● **TASK BRIEF**
Beginning with the line that holds "Homelike Guest House", copy every remaining line of the listing below exactly, and leave the pictures out.

● **MATERIAL FOR THIS TASK**
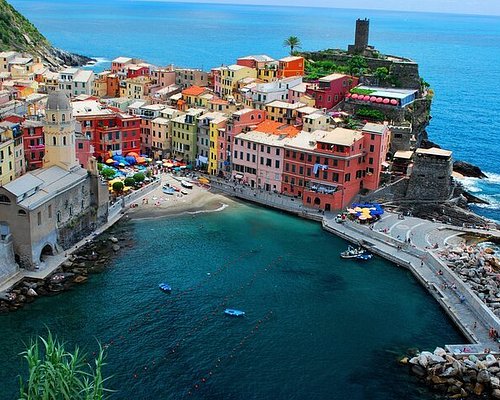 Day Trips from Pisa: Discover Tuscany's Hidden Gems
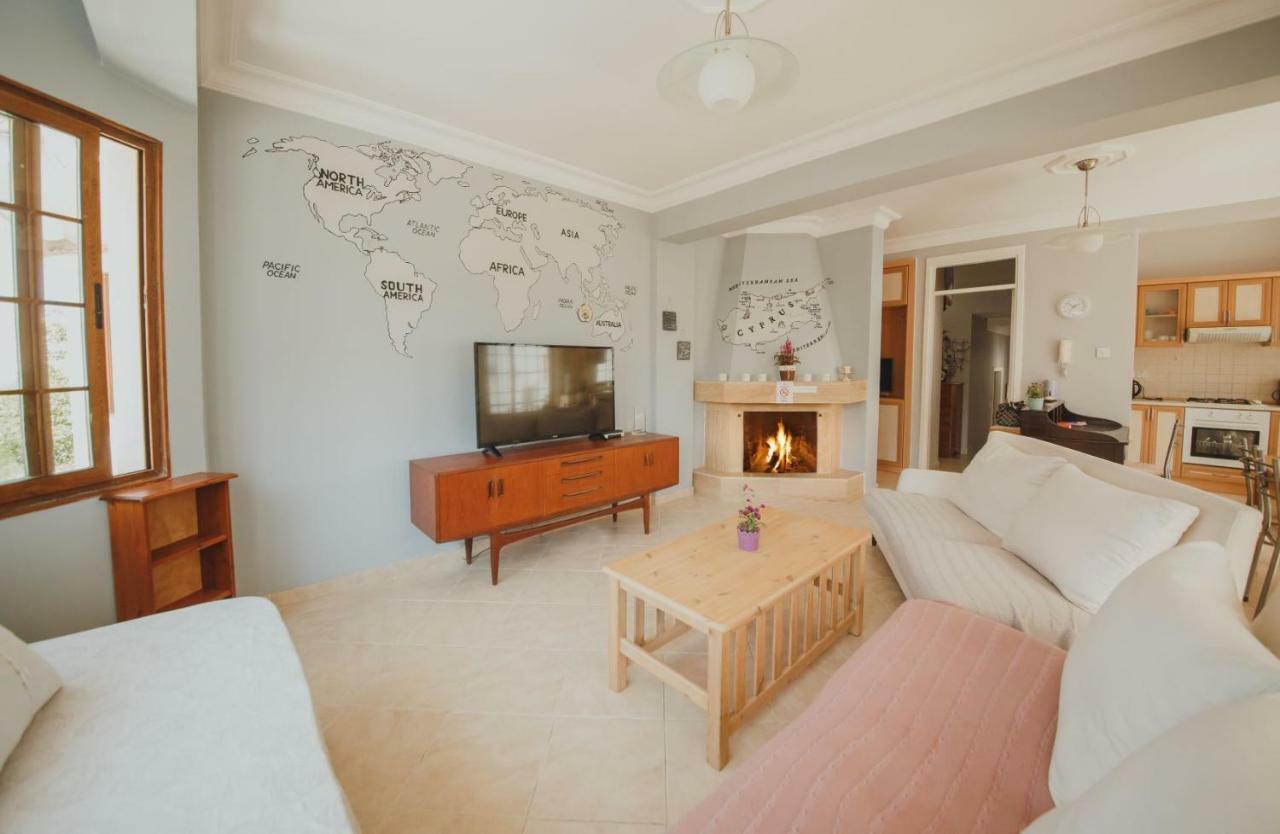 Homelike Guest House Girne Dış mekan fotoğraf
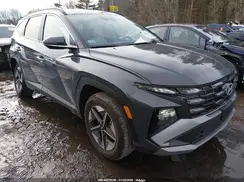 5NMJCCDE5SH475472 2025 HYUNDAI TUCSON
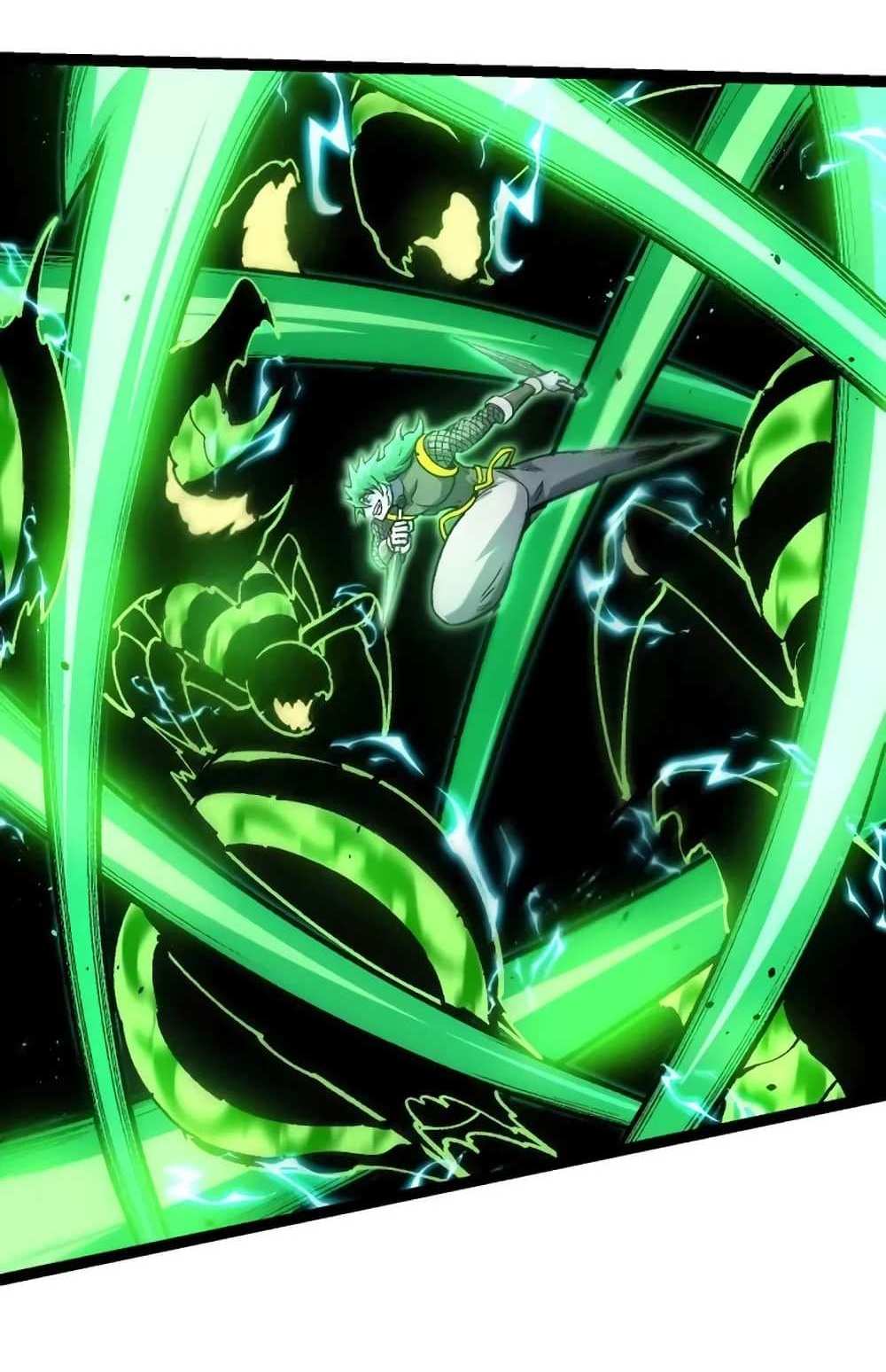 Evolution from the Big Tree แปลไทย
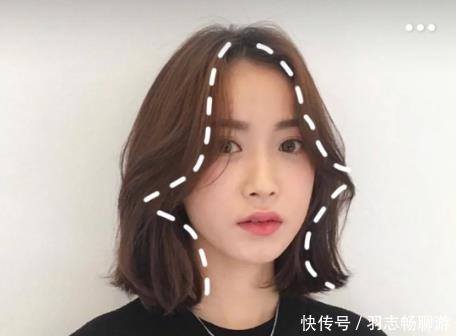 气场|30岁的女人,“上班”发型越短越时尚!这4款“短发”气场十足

● **EXERCISE RESPONSE**
 Homelike Guest House Girne Dış mekan fotoğraf
 5NMJCCDE5SH475472 2025 HYUNDAI TUCSON
 Evolution from the Big Tree แปลไทย
 气场|30岁的女人,“上班”发型越短越时尚!这4款“短发”气场十足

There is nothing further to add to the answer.